Bred for protection work, the Bullmastiff is larger than most guard breeds, but should not be exaggerated or coarse to interfere with its fluid movement. Own. Malina Raby and Peter Kozel.

An adult Bullmastiff weighs between 50 and 60 kg; the female, between 41 and 50 kg; the male adult stands between 63 and 69 cm; the female, between 60 and 66 cm. Animal with a large and powerful build, although compact, the Bullmastiff has a large and wide head, with some wrinkles, sagacious expression, strong and wide and deep muzzle; moderate stop; flat skull. The neck is thick, almost with the same diameter than its head. The upper outline should be straight; the chest, wide and deep; the back short. The tail is high inserted and is straight or curved, but not carried “hound” style. The motor group displays free, driven movement; the shoulders unloaded, the hindquarters straight, the elbows not opened or tucked in; good angulations. The coat is short and thick, color red, fawn or brindle; a single white patch on the chest is allowed.
Bred as a guardian, the Bullmastiff with its pure muscle 60 kg will make any intruder change his mind. The Bullmastiff adores its family, and despite its size it loves to be inside the house, where it feels comfortable and relaxed. It grows fond of the entire family, and defends each member to death, including the home’s cat and pig. It is brave but tame, and a well bred specimen is lively and agile at the same time, enjoying exercise time with the family members. Most Bullmastiffs are dominant with strange dogs and not sociable towards people, if not introduced by a familiar person.
Even puppies have a protective air, suspicious towards strangers by nature. 
Weigh at birth is between 170 and 680 g and there doesn’t seem to be correlation between birth weight and adult size. After seven weeks, the puppy weighs between 6.5 and 7 kg, and at 16 weeks, between 22 and 25 kg. Too large specimens should be avoided, due to bone and joint problem risks. The breed is large on its own, so an excess is absurd. The future owner should take note of the puppy’s build: it should be solid, well done and balanced. Watch for short tails, curled tails and cleft palates. Character is also an important factor and a character checks in the breeder’s lines is important. The Bullmastiff puppy should be obliging and content in human company. Natural mistrust before strangers is typical and desirable. With proper training the Bullmastiff can become a fantastic guardian and protector. Diet will be another important issue: it is well known that the Bullmastiff has its individual demands, and the best is to consult the breeder or veterinarian to determine a nutritional program. Calcium supplements are often detrimental.
The puppy should be well built, move easily, obliging and not shy. 

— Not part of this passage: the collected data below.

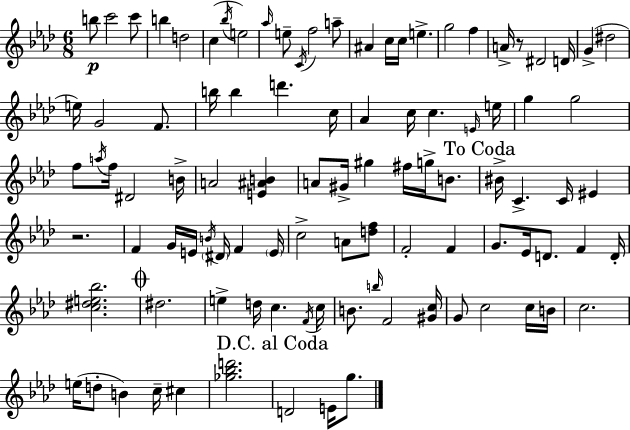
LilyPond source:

{
  \clef treble
  \numericTimeSignature
  \time 6/8
  \key aes \major
  b''8\p c'''2 c'''8 | b''4 d''2 | c''4( \acciaccatura { bes''16 } e''2) | \grace { aes''16 } e''8-- \acciaccatura { c'16 } f''2 | \break a''8-- ais'4 c''16 c''16 e''4.-> | g''2 f''4 | a'16-> r8 dis'2 | d'16 g'4->( dis''2 | \break e''16) g'2 | f'8. b''16 b''4 d'''4. | c''16 aes'4 c''16 c''4. | \grace { e'16 } e''16 g''4 g''2 | \break f''8 \acciaccatura { a''16 } f''16 dis'2 | b'16-> a'2 | <e' ais' b'>4 a'8 gis'16-> gis''4 | fis''16 g''16-> b'8. \mark "To Coda" bis'16-> c'4.-> | \break c'16 eis'4 r2. | f'4 g'16 e'16 \acciaccatura { b'16 } | \parenthesize dis'16 f'4 \parenthesize e'16 c''2-> | a'8 <d'' f''>8 f'2-. | \break f'4 g'8. ees'16 d'8. | f'4 d'16-. <c'' dis'' e'' bes''>2. | \mark \markup { \musicglyph "scripts.coda" } dis''2. | e''4-> d''16 c''4. | \break \acciaccatura { f'16 } c''16 b'8. \grace { b''16 } f'2 | <gis' c''>16 g'8 c''2 | c''16 b'16 c''2. | e''16( d''8-. b'4) | \break c''16-- cis''4 <ges'' bes'' d'''>2. | \mark "D.C. al Coda" d'2 | e'16 g''8. \bar "|."
}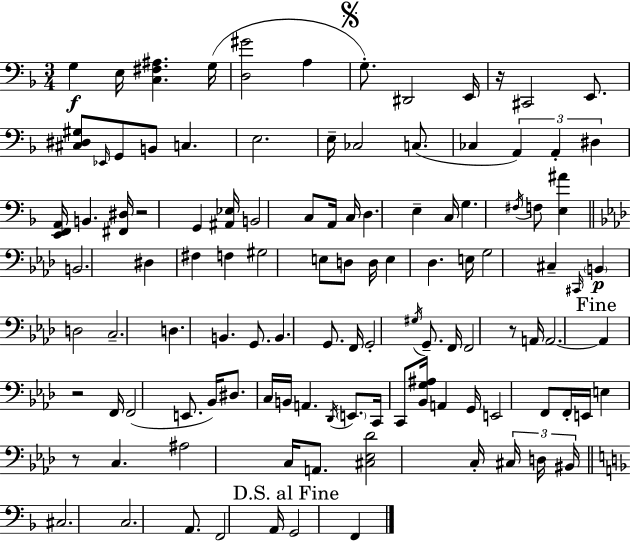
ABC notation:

X:1
T:Untitled
M:3/4
L:1/4
K:F
G, E,/4 [C,^F,^A,] G,/4 [D,^G]2 A, G,/2 ^D,,2 E,,/4 z/4 ^C,,2 E,,/2 [^C,^D,^G,]/2 _E,,/4 G,,/2 B,,/2 C, E,2 E,/4 _C,2 C,/2 _C, A,, A,, ^D, [E,,F,,A,,]/4 B,, [^F,,^D,]/4 z2 G,, [^A,,_E,]/4 B,,2 C,/2 A,,/4 C,/4 D, E, C,/4 G, ^F,/4 F,/2 [E,^A] B,,2 ^D, ^F, F, ^G,2 E,/2 D,/2 D,/4 E, _D, E,/4 G,2 ^C, ^C,,/4 B,, D,2 C,2 D, B,, G,,/2 B,, G,,/2 F,,/4 G,,2 ^G,/4 G,,/2 F,,/4 F,,2 z/2 A,,/4 A,,2 A,, z2 F,,/4 F,,2 E,,/2 _B,,/4 ^D,/2 C,/4 B,,/4 A,, _D,,/4 E,,/2 C,,/4 C,,/2 [_B,,G,^A,]/4 A,, G,,/4 E,,2 F,,/2 F,,/4 E,,/4 E, z/2 C, ^A,2 C,/4 A,,/2 [^C,_E,_D]2 C,/4 ^C,/4 D,/4 ^B,,/4 ^C,2 C,2 A,,/2 F,,2 A,,/4 G,,2 F,,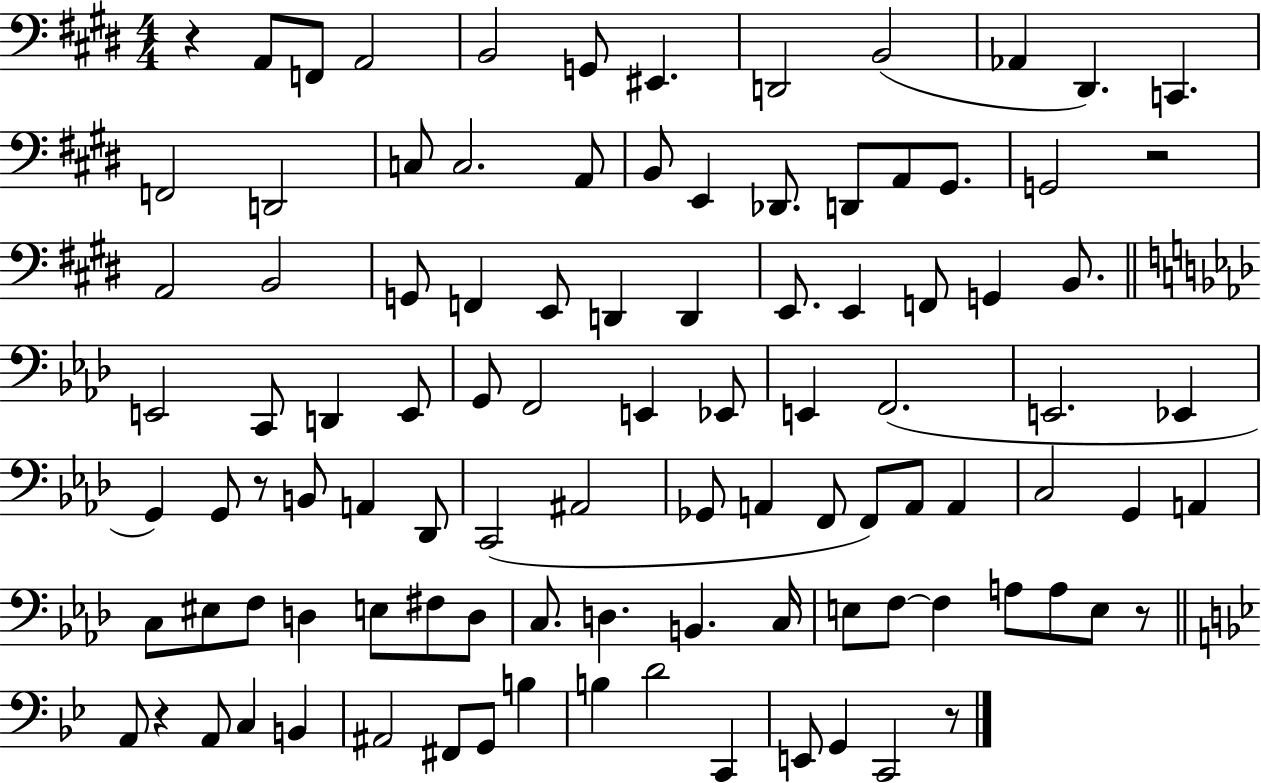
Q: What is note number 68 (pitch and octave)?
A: E3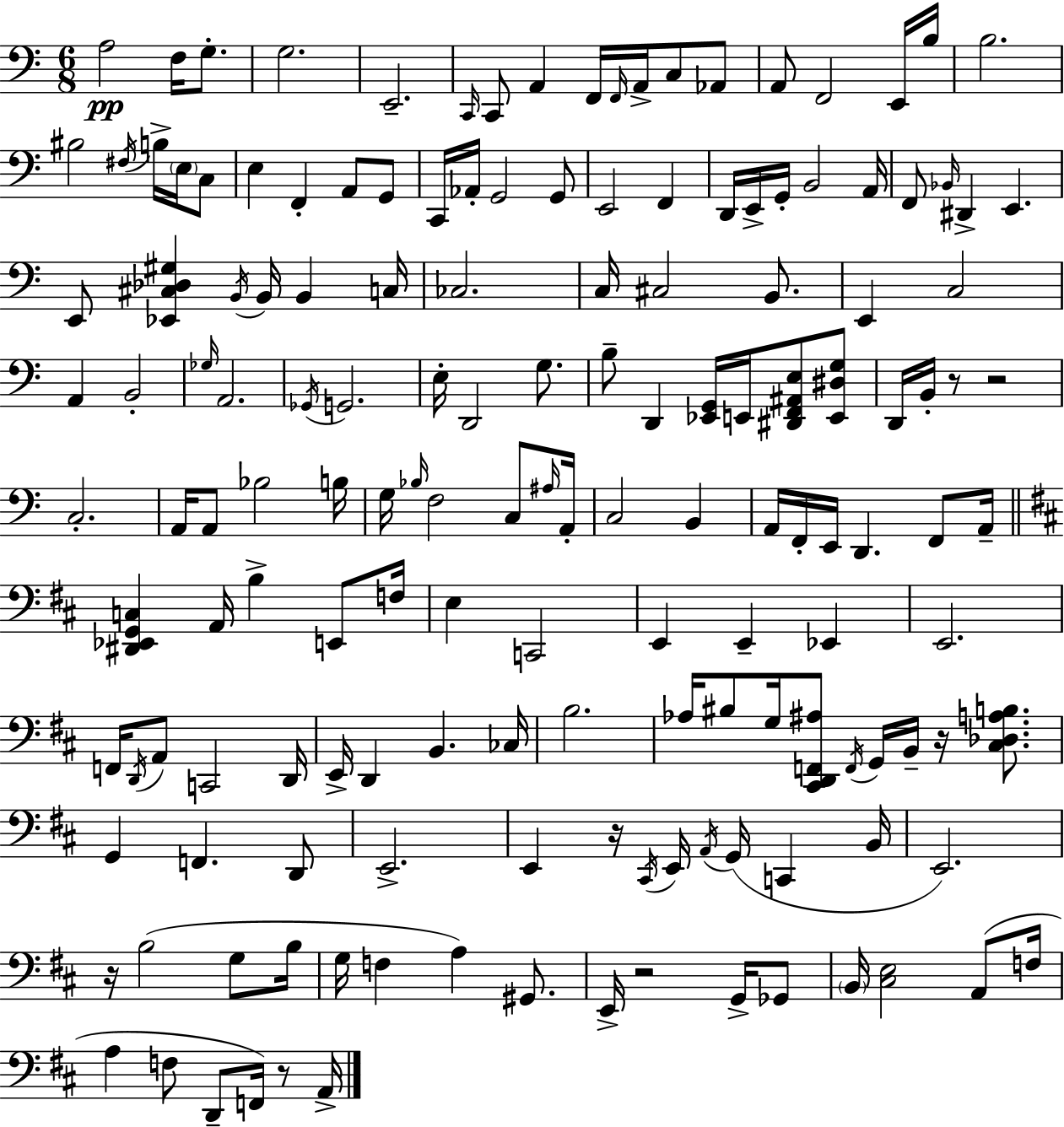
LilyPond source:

{
  \clef bass
  \numericTimeSignature
  \time 6/8
  \key c \major
  a2\pp f16 g8.-. | g2. | e,2.-- | \grace { c,16 } c,8 a,4 f,16 \grace { f,16 } a,16-> c8 | \break aes,8 a,8 f,2 | e,16 b16 b2. | bis2 \acciaccatura { fis16 } b16-> | \parenthesize e16 c8 e4 f,4-. a,8 | \break g,8 c,16 aes,16-. g,2 | g,8 e,2 f,4 | d,16 e,16-> g,16-. b,2 | a,16 f,8 \grace { bes,16 } dis,4-> e,4. | \break e,8 <ees, cis des gis>4 \acciaccatura { b,16 } b,16 | b,4 c16 ces2. | c16 cis2 | b,8. e,4 c2 | \break a,4 b,2-. | \grace { ges16 } a,2. | \acciaccatura { ges,16 } g,2. | e16-. d,2 | \break g8. b8-- d,4 | <ees, g,>16 e,16 <dis, f, ais, e>8 <e, dis g>8 d,16 b,16-. r8 r2 | c2.-. | a,16 a,8 bes2 | \break b16 g16 \grace { bes16 } f2 | c8 \grace { ais16 } a,16-. c2 | b,4 a,16 f,16-. e,16 | d,4. f,8 a,16-- \bar "||" \break \key d \major <dis, ees, g, c>4 a,16 b4-> e,8 f16 | e4 c,2 | e,4 e,4-- ees,4 | e,2. | \break f,16 \acciaccatura { d,16 } a,8 c,2 | d,16 e,16-> d,4 b,4. | ces16 b2. | aes16 bis8 g16 <cis, d, f, ais>8 \acciaccatura { f,16 } g,16 b,16-- r16 <cis des a b>8. | \break g,4 f,4. | d,8 e,2.-> | e,4 r16 \acciaccatura { cis,16 } e,16 \acciaccatura { a,16 }( g,16 c,4 | b,16 e,2.) | \break r16 b2( | g8 b16 g16 f4 a4) | gis,8. e,16-> r2 | g,16-> ges,8 \parenthesize b,16 <cis e>2 | \break a,8( f16 a4 f8 d,8-- | f,16) r8 a,16-> \bar "|."
}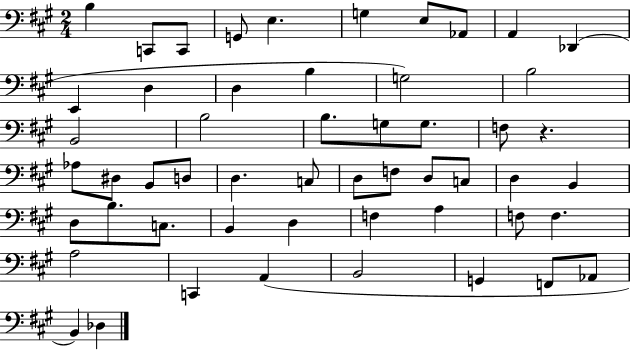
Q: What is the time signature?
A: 2/4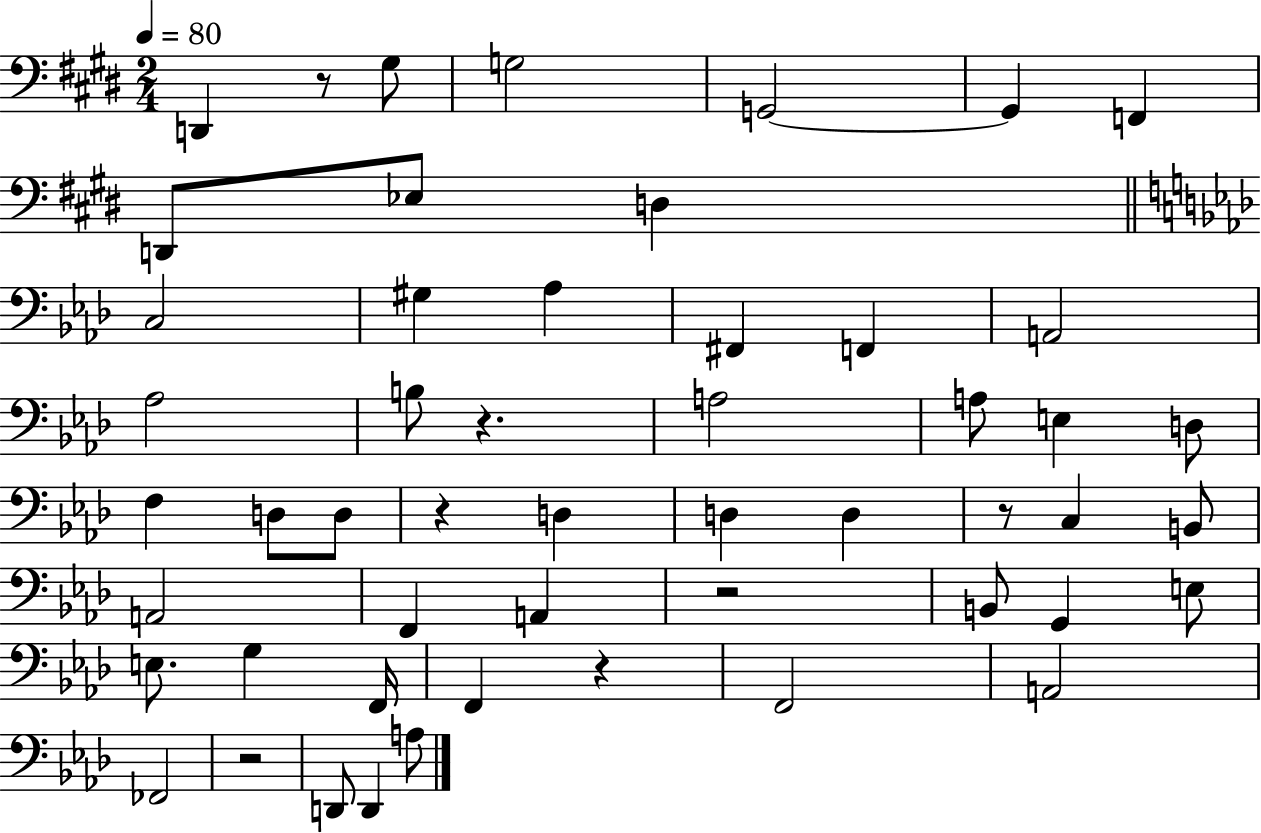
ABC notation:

X:1
T:Untitled
M:2/4
L:1/4
K:E
D,, z/2 ^G,/2 G,2 G,,2 G,, F,, D,,/2 _E,/2 D, C,2 ^G, _A, ^F,, F,, A,,2 _A,2 B,/2 z A,2 A,/2 E, D,/2 F, D,/2 D,/2 z D, D, D, z/2 C, B,,/2 A,,2 F,, A,, z2 B,,/2 G,, E,/2 E,/2 G, F,,/4 F,, z F,,2 A,,2 _F,,2 z2 D,,/2 D,, A,/2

Cancer and stomach torsion make more victims than any other anomaly affecting the breed. Although neither of them can be prevented, their incidence can be limited providing the dog with a healthy life, including a prescribed diet and routine exercise. Hip dysplasia is a large concern amongst breeders, and X – rays are essential. Skin and eye problems occur (including eczemas, dermatitis, muzzle pyoderma and alopecia, entropion, glaucoma and progressive retinal atrophy). Hereditary back malformation (cervical malformation) occurs on several degrees, producing from a mild limp to partial paralysis. Tumors and kidney stones usually affect older dogs. The Bullmastiff usually lives to ten years.
Make sure that the parents have certificates assuring that they are free from hip dysplasia, and ask about cancer incidence on the breeder’s lines.